Billionaire Elon Musk, who is set to co-lead the new advisory Department of Government Efficiency, has admitted the agency likely won’t make the $2 trillion in federal budget cuts he originally promised.
The Tesla and SpaceX CEO revealed his goal of cutting $2 trillion from the $6.8 trillion federal budget was just the “best-case outcome” during a live interview Wednesday with Stagwell CEO Mark Penn.
“Do you think the $2 trillion is a realistic number now that you’re looking more closely at it?” Penn asked.
“I think we’ll try for $2 trillion. I think that’s the best-case outcome,” Musk responded. “But I do think that you kind of have to have some overage. I think if we try for $2 trillion, we’ve got a good shot at getting $1 [million].”
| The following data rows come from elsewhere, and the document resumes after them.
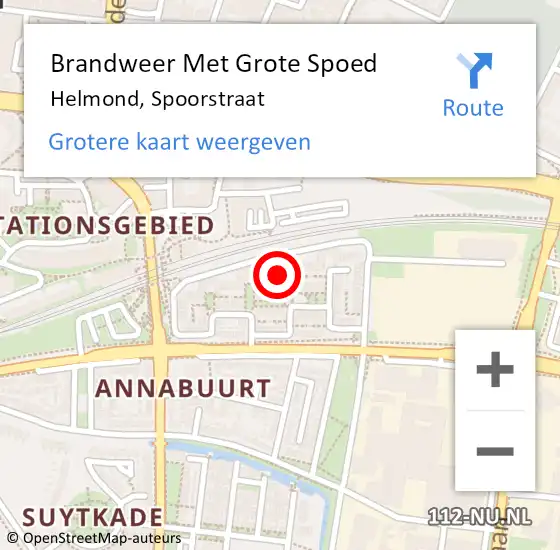 Locatie op kaart van de 112 melding: Brandweer Met Grote Spoed Naar Helmond, Spoorstraat op 28 februari 2022 00:08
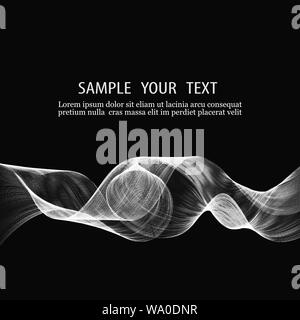 Abstract wait waves on black background Stock Vector
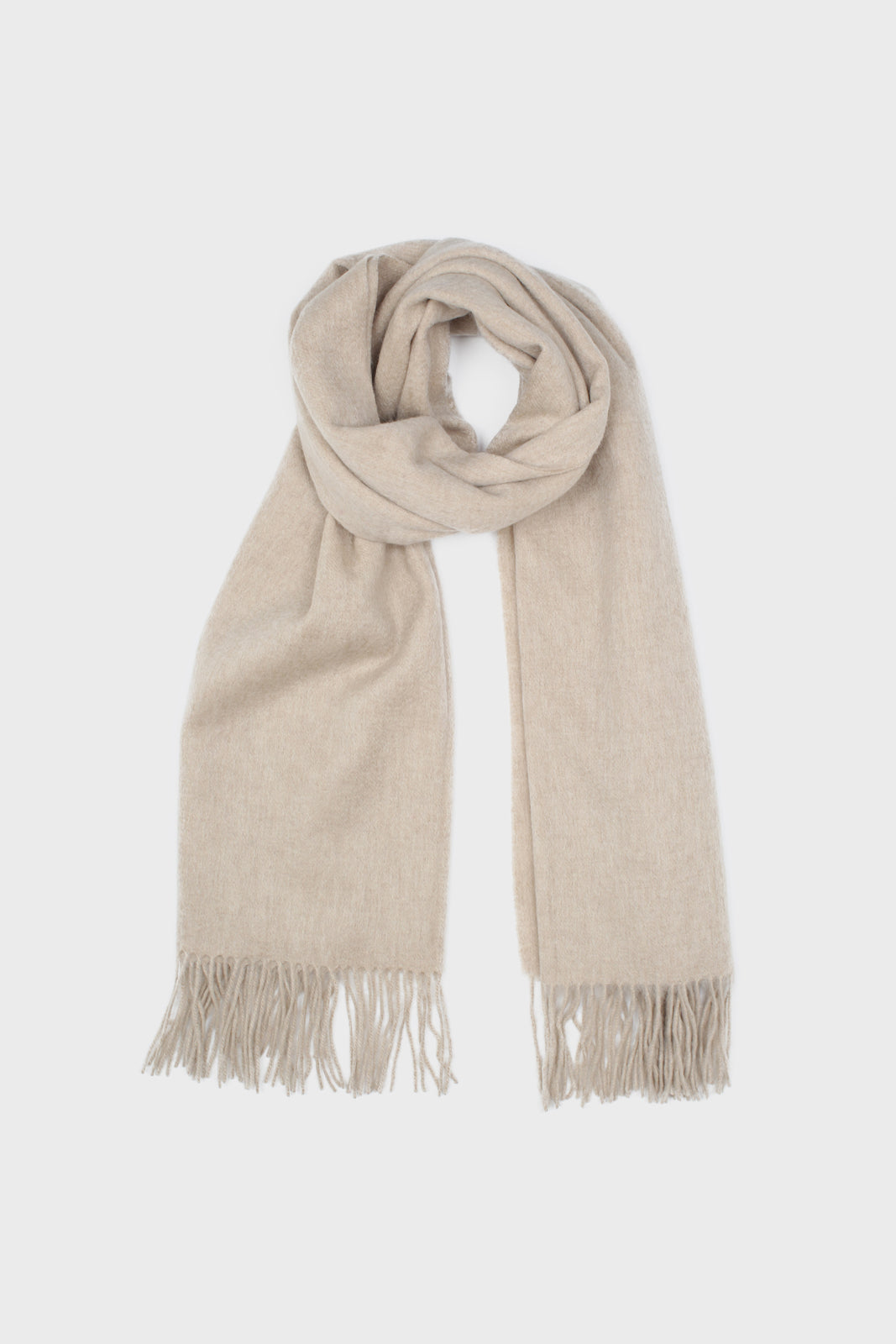 Heather beige pure wool scarf_3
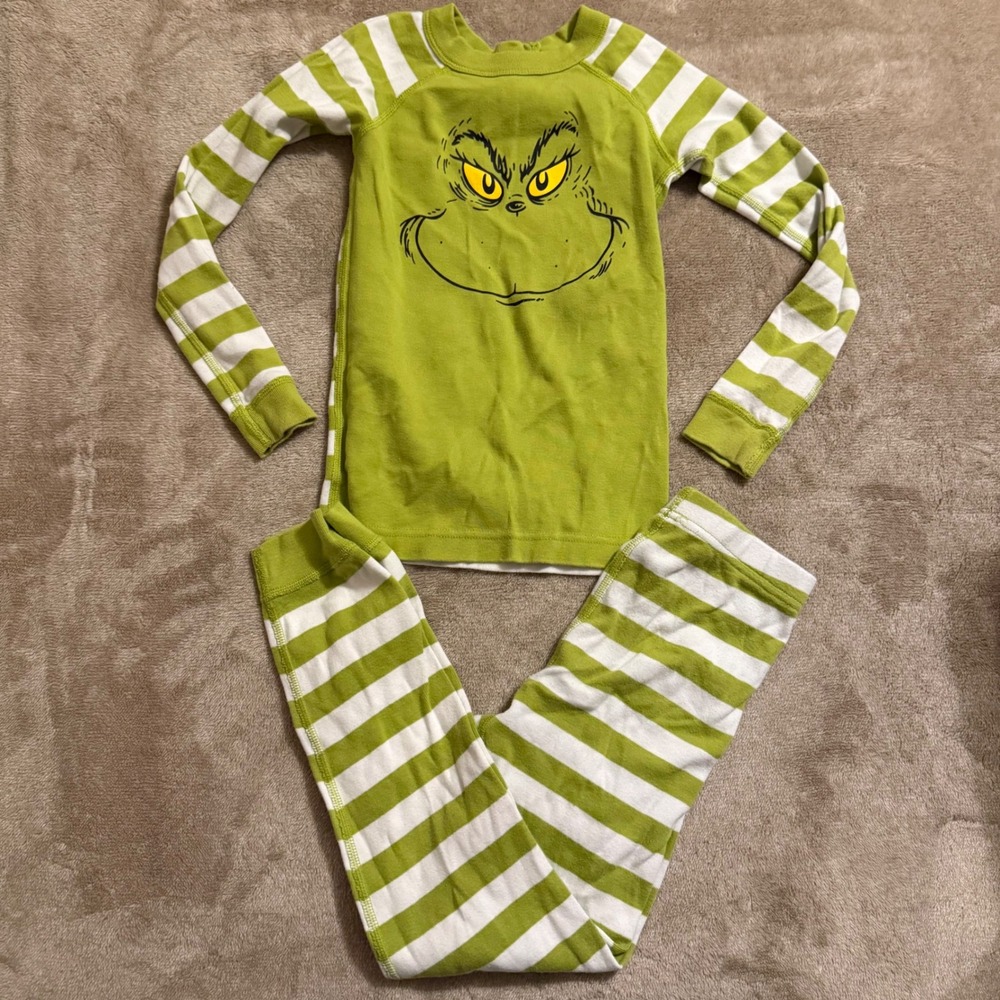 Hanna Andersson Kids Grinch Organic Cotton Pajama Set Green White Stripe 6-7 120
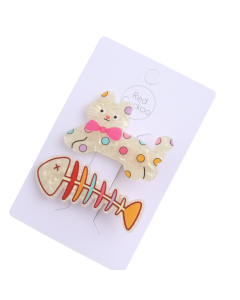Hair Claw: Small Pack 2 Cat & Fish Shaped  - Multicolour Brights - Red Cuckoo
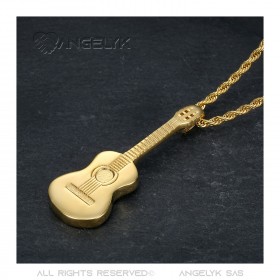 Pendentif Guitare Gitan Musicien Collier Acier Or  IM#22476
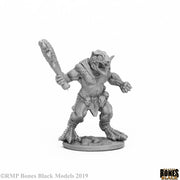 Blacktooth Savage - Gray miniature fantasy creature wielding a large club, featuring muscular build and tattered loincloth.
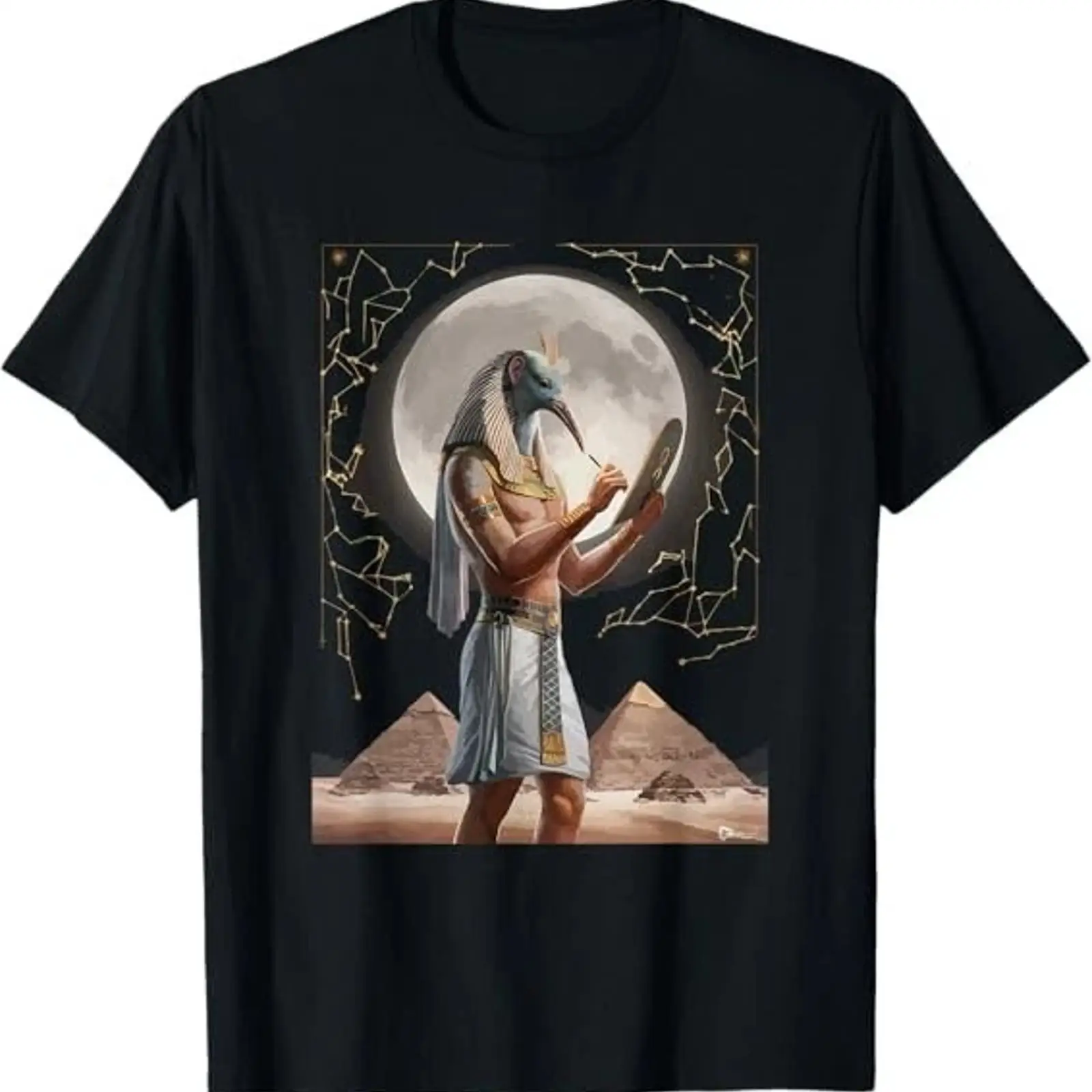 Men Fashion Egypt - เสื้อยืดลายเทพธิดาศรีอียิปต์ โธธ พร้อมพีระมิด วัฒนธรรมอียิปต์โบราณ ไซส์ S-3XL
“If we can drop the budget deficit from $2 trillion to $1 trillion and free up the economy to have additional growth, such that the output of goods and services keeps pace with the increase in the money supply, then there will be no inflation,” he added. “So that, I think, would be an epic outcome.”
Musk is set to co-lead the department — which will operate outside of government, President-elect Donald Trump has claimed — alongside former presidential candidate Vivek Ramaswamy.
The pair have boasted of their plan to slash the federal budget, largely by making drastic cuts to agencies and carrying out mass fairings.
Musk has been promoting the $2 trillion number since he appeared at Trump’s Madison Square Garden rally in late October.
“How much do you think we can rip out of this wasted, $6.5 trillion Harris-Biden budget?” Howard Lutnick, the billionaire chief executive of financial services firm Cantor Fitzgerald, asked Musk on stage at the rally.
“I think we can do at least $2 trillion,” the world’s richest man responded.
Economists have long warned that cutting nearly one-third of the nation’s federal budget is implausible.
“There’s a long history of the fantasy that one smart businessman will just identify trillions in waste, but that’s just not how it works,” Brian Riedl, a senior fellow at the Manhattan Institute thinktank, told The Washington Post in November.